→ **WHAT IS REQUIRED**
Please output exactly the part of the records below that opens with the line containing "Aynı yastığı da, işyerini" and closes with the line containing "Snapshot of LucyHotty_", both lines included, and nothing else.

→ **DATA**

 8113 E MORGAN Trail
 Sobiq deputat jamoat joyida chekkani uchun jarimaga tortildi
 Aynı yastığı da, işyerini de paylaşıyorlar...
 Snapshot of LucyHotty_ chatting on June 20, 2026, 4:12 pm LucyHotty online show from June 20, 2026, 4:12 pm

---

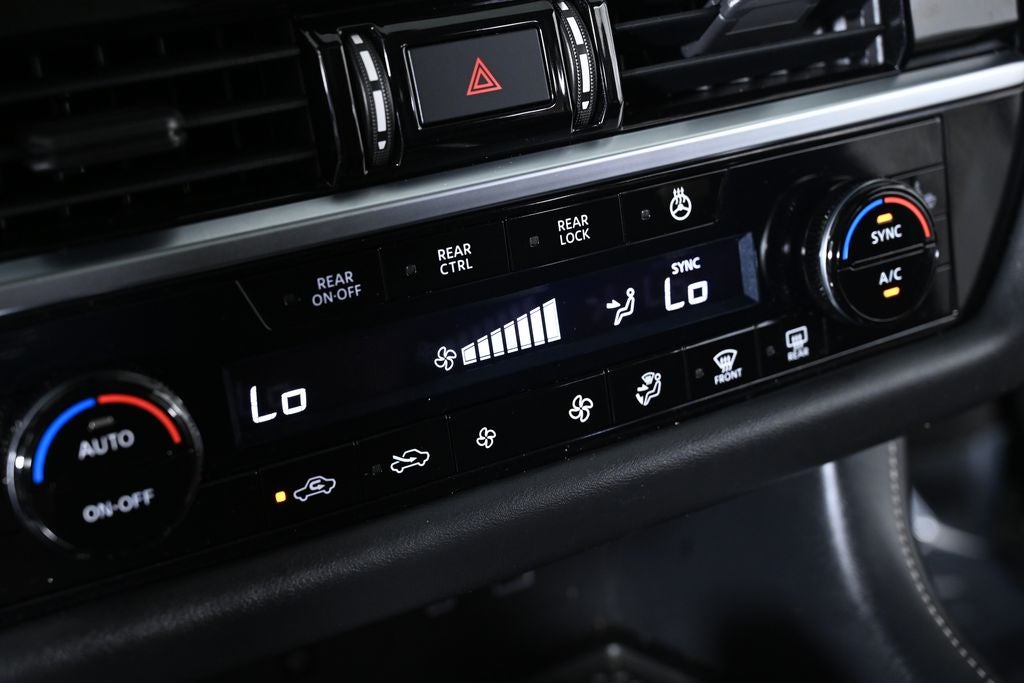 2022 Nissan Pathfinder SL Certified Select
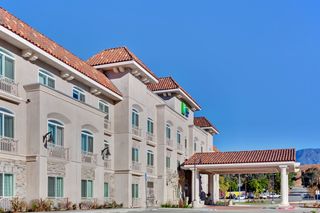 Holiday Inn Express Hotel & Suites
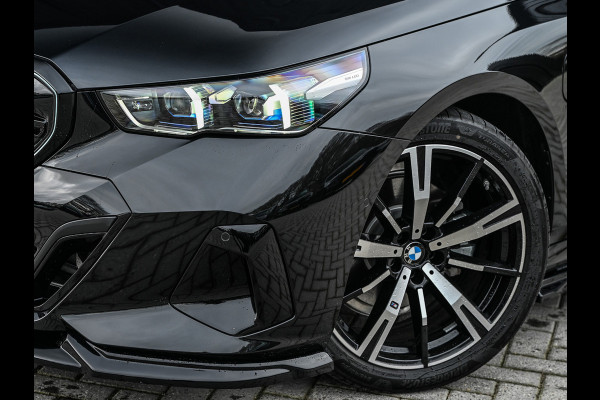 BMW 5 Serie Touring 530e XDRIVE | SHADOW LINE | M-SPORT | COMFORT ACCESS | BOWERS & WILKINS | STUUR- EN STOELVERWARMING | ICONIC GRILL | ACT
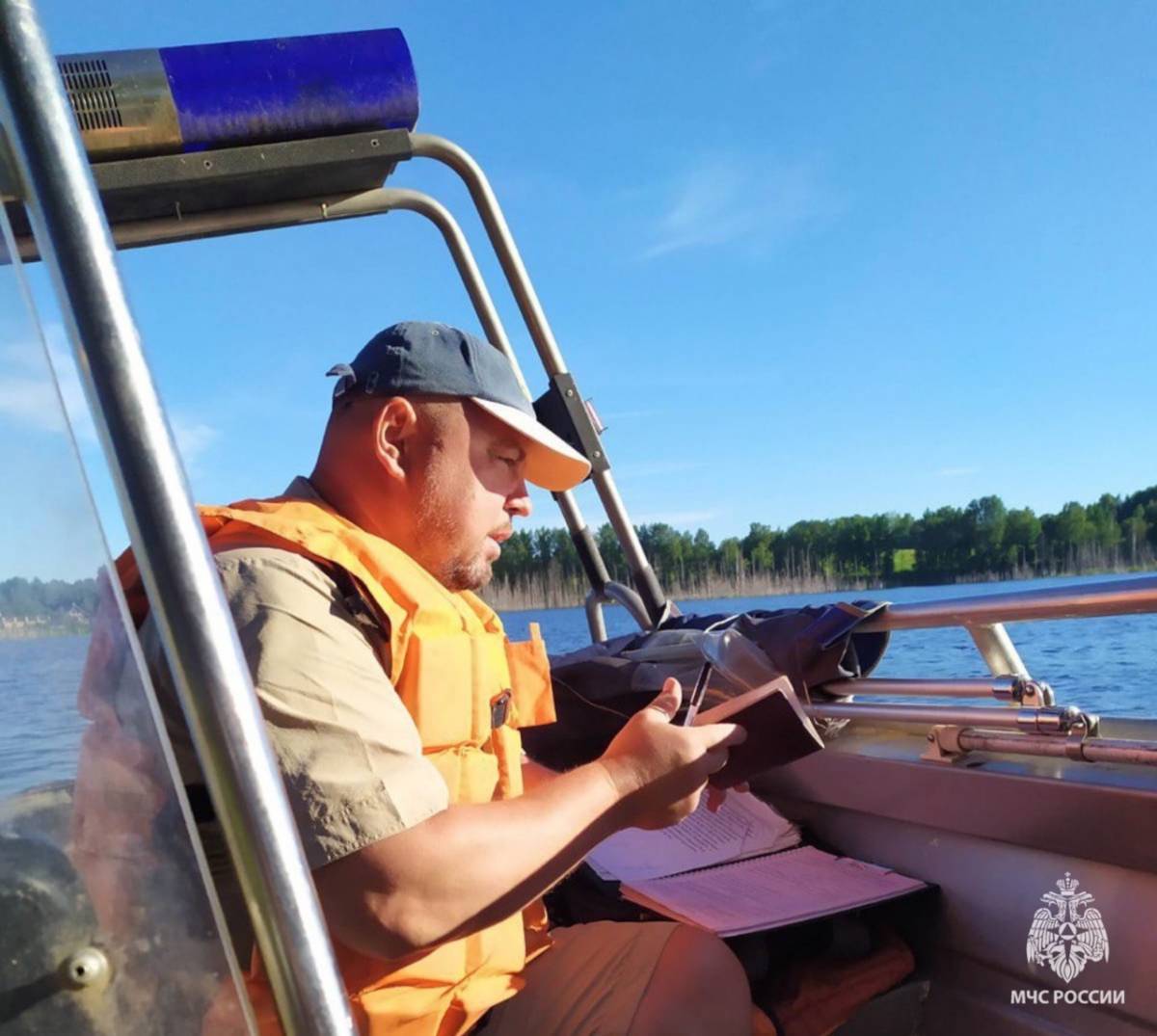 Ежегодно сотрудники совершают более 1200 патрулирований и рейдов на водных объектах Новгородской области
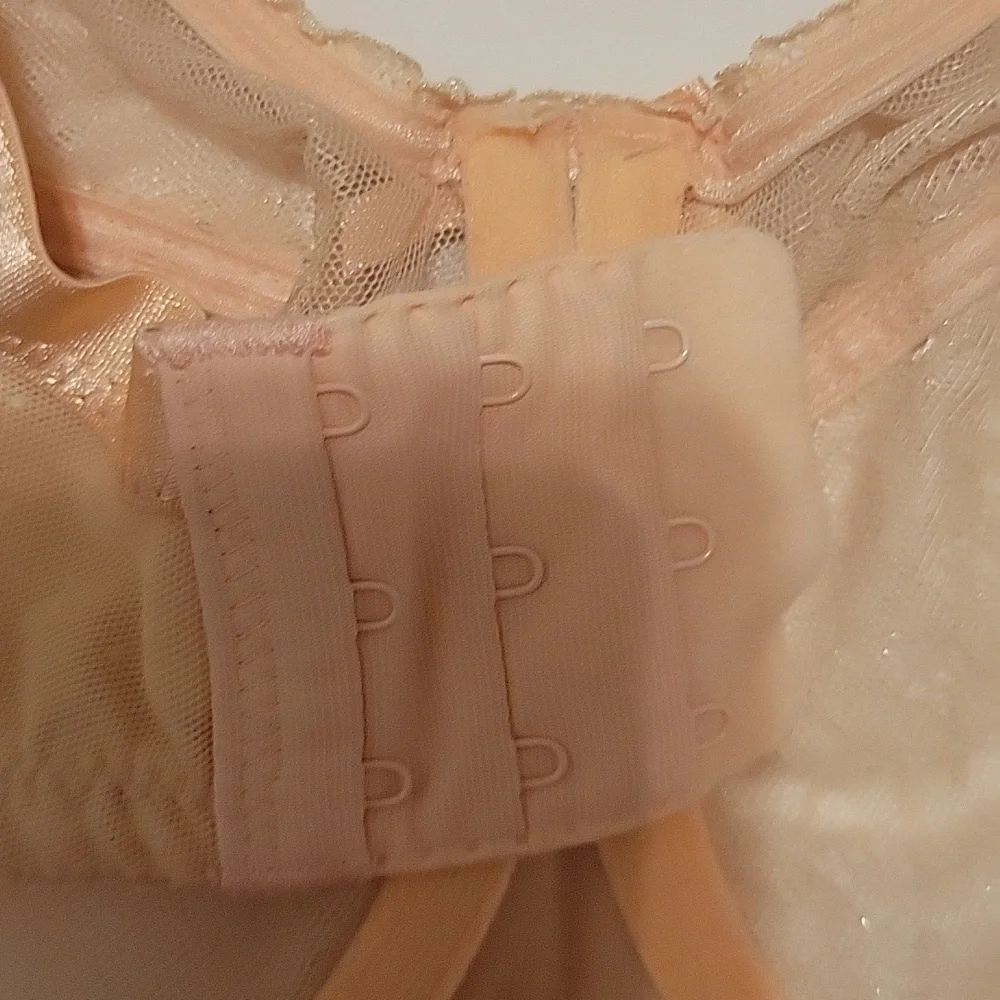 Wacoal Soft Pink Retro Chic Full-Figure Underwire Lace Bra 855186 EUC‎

→ **SOLUTION**
 Aynı yastığı da, işyerini de paylaşıyorlar...
 Snapshot of LucyHotty_ chatting on June 20, 2026, 4:12 pm LucyHotty online show from June 20, 2026, 4:12 pm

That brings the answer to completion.